Other Directorships & Interlocks
| Topic | Detail |
|---|---|
| Current public company boards | None disclosed as current; TD Bank Group service ended Apr 2025; continues on TD U.S. subsidiaries (private). |
| Compensation Committee interlocks | Company disclosed no compensation committee interlocks or insider participation in 2024. |
| Service limits | Roper guidelines: directors may serve on no more than three other public company boards (CEO directors: one). |
Expertise & Qualifications
- Executive leadership; risk management and controls; financial reporting/audit; banking/financial services; marketing and e‑commerce; M&A; corporate governance; public company board experience; talent and team development.
Equity Ownership
| Metric | Amount / Status |
|---|---|
| Total beneficial ownership (Brinkley) | 16,309 shares |
| Unvested restricted shares included | 352 shares |
| Vested shares (calculated) | 15,957 shares (16,309 − 352), calculated from cited figures |
| Shares outstanding (record date) | 107,519,731 shares (4/16/2025) |
| Ownership as % of outstanding (calculated) | ~0.015% (16,309 ÷ 107,519,731), calculated from cited figures |
| Shares pledged | None disclosed; anti‑pledging policy applies and exception noted only for Christopher Wright. |
| Director ownership guideline | ≥10× cash base retainer ($600,000) within 5 years; all directors in compliance. |
Insider Trades (Section 16 Compliance)
| Item | Status |
|---|---|
| Delinquent Section 16(a) reports (2024) | None disclosed for Brinkley; company noted late gifts only for C. Wright and S. Archambeau. |
Governance Assessment
- Strengths: Independent Chair since 2021 with deep risk and financial controls background; active roles on Compensation and N&G; strong board processes (majority voting, proxy access); anti‑hedging/anti‑pledging; director equity aligned with shareholders; ownership guideline compliance; no related‑party transactions; high attendance and engagement; robust shareholder outreach and strong Say‑on‑Pay support (89%+).

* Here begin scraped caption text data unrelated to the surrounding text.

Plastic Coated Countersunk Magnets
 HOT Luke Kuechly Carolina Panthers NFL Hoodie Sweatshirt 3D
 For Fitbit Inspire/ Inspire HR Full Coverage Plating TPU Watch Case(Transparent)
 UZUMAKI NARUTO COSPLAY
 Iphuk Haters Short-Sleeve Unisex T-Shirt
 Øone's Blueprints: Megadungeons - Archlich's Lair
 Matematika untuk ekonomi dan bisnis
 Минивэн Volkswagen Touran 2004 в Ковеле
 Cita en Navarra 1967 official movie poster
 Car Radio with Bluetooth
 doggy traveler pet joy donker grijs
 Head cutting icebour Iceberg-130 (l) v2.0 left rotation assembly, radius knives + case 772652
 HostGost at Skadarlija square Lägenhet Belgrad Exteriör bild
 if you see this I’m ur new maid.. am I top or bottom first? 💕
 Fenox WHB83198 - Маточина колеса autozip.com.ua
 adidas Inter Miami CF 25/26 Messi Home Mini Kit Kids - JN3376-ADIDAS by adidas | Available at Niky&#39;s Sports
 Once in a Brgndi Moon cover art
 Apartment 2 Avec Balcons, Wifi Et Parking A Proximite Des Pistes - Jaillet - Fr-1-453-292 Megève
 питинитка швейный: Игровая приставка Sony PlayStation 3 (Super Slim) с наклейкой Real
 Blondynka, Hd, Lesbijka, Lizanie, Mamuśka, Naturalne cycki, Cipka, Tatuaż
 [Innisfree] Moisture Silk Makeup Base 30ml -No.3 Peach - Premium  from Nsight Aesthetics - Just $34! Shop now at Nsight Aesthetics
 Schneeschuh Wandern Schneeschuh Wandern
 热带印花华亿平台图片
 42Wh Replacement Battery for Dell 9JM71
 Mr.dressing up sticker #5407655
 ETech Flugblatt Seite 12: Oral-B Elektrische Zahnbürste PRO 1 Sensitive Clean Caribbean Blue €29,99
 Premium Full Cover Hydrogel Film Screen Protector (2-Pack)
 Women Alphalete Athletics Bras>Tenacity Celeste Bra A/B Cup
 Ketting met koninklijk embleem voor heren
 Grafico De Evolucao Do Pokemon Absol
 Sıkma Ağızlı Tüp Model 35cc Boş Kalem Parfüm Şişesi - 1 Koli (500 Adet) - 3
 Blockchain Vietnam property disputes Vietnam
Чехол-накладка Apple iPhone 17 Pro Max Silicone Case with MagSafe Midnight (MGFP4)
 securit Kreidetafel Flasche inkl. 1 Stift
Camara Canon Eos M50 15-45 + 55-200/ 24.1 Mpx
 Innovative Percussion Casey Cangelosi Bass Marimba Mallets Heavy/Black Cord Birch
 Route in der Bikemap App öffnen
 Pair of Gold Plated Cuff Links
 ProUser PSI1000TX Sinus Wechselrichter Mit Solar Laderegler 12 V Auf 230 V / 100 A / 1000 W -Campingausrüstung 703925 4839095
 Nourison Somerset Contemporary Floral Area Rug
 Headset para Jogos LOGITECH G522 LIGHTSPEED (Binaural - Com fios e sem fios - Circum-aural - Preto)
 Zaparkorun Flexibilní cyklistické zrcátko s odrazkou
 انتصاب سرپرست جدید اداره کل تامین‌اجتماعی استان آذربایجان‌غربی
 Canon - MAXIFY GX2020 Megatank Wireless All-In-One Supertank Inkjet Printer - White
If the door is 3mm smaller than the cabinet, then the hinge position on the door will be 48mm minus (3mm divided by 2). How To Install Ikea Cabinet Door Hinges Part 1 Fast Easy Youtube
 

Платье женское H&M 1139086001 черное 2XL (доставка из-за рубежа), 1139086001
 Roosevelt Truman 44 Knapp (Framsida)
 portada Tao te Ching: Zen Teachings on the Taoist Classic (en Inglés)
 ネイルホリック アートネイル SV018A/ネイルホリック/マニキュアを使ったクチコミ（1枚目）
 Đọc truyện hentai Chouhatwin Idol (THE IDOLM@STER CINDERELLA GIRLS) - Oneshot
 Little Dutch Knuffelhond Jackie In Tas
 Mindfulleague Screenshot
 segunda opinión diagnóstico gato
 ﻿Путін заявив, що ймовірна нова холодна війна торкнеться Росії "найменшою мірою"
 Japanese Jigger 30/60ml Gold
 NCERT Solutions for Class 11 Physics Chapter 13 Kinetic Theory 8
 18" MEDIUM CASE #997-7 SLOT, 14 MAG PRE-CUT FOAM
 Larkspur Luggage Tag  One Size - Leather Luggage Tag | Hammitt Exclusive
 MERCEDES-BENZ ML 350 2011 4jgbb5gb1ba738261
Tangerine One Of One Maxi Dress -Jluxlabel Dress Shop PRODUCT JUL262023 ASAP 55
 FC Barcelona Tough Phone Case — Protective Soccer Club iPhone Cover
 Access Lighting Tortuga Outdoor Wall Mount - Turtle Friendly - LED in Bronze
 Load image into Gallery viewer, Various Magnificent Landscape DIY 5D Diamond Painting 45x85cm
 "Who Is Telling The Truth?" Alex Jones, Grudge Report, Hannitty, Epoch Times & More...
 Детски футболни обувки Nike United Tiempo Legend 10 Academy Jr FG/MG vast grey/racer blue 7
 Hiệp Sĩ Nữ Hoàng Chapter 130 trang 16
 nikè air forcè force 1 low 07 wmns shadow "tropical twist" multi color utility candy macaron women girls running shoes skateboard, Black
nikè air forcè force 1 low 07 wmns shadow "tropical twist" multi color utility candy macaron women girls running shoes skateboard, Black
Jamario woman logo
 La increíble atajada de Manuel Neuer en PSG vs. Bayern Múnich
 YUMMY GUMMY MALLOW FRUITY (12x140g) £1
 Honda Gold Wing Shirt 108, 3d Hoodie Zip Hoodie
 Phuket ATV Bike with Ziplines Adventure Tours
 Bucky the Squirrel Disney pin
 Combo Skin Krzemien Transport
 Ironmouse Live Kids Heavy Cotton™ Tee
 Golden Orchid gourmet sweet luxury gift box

- Watch items: Continues on multiple TD Bank U.S. subsidiary boards—monitor for any potential banking/vendor relationships with Roper businesses (none disclosed). Executive Committee chaired by Brinkley had no meetings in 2024; ensure committee roles remain right‑sized for workload and effectiveness.
- Red flags: None identified—no pledging by Brinkley, no related‑party transactions, no Section 16 delinquencies disclosed for Brinkley.